---------- DATA FOR THIS TASK ----------

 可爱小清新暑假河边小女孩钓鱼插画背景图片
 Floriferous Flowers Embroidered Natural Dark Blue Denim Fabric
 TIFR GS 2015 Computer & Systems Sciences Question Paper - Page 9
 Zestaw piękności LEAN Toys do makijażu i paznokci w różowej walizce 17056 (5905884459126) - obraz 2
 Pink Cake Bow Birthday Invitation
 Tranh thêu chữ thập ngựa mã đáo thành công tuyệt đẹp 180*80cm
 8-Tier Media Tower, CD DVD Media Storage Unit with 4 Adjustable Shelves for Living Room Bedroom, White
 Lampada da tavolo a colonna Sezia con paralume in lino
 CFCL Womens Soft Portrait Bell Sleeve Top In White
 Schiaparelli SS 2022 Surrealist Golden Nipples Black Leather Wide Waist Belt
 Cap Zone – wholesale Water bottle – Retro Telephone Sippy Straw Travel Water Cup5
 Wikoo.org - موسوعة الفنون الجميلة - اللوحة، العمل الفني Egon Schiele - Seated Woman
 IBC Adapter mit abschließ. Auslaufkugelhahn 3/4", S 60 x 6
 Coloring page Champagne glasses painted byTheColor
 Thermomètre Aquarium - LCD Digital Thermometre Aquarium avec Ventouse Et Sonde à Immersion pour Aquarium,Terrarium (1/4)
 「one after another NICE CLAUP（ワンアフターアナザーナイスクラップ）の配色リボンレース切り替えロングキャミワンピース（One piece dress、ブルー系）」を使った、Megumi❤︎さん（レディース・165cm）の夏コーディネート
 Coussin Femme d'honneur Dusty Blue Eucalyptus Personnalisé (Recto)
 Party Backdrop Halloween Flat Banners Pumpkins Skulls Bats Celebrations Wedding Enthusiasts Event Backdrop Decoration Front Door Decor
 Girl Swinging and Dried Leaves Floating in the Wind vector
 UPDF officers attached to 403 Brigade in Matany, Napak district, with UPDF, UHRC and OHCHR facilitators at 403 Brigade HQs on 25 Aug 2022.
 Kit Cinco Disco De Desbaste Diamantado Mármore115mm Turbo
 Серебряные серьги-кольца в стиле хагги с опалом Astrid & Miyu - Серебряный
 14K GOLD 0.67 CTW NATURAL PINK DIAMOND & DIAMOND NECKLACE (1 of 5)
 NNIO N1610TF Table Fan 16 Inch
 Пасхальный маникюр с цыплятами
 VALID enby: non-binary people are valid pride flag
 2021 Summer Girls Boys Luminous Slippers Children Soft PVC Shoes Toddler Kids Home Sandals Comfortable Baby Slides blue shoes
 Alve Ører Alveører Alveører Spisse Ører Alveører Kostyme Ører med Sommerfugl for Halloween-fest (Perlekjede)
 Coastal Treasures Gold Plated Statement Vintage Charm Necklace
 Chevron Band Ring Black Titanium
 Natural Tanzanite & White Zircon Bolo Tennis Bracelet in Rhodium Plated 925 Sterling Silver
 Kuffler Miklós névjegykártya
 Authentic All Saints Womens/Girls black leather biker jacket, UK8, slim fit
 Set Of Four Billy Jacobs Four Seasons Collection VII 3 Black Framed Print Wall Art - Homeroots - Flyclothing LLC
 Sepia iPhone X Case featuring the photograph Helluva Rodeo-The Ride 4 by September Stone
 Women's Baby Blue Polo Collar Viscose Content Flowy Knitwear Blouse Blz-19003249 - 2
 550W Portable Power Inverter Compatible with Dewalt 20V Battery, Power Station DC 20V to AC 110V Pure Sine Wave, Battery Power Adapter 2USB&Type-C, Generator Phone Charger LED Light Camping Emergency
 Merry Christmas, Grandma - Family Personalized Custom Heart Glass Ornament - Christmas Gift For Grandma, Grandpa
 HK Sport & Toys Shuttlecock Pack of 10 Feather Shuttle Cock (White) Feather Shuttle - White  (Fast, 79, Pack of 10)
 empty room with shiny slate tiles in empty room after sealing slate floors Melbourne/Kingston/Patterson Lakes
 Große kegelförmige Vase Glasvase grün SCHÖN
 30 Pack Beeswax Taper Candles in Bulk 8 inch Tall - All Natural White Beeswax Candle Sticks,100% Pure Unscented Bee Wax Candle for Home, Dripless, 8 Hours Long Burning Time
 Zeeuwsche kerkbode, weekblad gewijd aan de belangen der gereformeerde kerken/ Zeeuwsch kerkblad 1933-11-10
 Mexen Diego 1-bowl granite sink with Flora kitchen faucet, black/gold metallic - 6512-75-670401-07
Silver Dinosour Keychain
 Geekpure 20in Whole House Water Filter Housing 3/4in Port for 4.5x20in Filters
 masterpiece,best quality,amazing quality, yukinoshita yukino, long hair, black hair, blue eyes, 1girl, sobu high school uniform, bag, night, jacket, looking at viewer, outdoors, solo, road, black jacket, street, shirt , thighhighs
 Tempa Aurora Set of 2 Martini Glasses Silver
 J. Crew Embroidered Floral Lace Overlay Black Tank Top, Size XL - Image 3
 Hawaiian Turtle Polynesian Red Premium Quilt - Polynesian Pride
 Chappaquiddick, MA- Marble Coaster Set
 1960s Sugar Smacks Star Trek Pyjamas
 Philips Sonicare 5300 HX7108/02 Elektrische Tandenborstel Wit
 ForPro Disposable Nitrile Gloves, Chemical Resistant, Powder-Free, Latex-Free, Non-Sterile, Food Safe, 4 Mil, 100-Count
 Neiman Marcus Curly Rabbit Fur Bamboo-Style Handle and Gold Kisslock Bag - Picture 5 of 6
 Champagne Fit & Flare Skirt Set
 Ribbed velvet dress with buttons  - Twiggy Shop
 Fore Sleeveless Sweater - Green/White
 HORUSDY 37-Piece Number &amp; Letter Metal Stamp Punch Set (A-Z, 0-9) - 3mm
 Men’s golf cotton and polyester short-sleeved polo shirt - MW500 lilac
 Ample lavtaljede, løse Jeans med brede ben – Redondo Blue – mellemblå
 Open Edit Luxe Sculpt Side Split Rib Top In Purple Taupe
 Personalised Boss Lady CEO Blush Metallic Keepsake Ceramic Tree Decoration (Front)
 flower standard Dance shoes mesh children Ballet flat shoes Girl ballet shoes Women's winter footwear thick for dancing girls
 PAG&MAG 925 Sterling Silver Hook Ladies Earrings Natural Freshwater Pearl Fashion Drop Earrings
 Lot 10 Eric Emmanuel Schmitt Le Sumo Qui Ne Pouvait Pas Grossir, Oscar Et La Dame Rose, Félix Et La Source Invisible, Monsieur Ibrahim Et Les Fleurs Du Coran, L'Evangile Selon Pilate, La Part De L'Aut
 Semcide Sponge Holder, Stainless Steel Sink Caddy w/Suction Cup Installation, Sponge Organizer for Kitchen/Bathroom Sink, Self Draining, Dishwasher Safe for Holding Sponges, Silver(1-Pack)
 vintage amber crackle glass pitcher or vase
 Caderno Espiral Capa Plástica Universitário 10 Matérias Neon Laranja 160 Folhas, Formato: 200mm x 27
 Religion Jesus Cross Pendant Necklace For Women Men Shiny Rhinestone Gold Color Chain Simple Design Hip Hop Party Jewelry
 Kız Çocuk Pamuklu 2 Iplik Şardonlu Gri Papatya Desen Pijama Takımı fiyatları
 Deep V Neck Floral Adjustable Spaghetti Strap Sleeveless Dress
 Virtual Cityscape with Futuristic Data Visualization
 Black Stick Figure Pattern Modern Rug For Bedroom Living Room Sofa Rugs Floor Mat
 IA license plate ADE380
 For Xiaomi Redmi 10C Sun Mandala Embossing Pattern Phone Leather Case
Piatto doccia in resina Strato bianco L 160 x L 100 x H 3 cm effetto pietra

----------

● ASSIGNMENT
Lines from the top of the data above through the line containing "Tranh thêu chữ" must be repeated exactly. All other lines stay out.

● EXERCISE RESULT
 可爱小清新暑假河边小女孩钓鱼插画背景图片
 Floriferous Flowers Embroidered Natural Dark Blue Denim Fabric
 TIFR GS 2015 Computer & Systems Sciences Question Paper - Page 9
 Zestaw piękności LEAN Toys do makijażu i paznokci w różowej walizce 17056 (5905884459126) - obraz 2
 Pink Cake Bow Birthday Invitation
 Tranh thêu chữ thập ngựa mã đáo thành công tuyệt đẹp 180*80cm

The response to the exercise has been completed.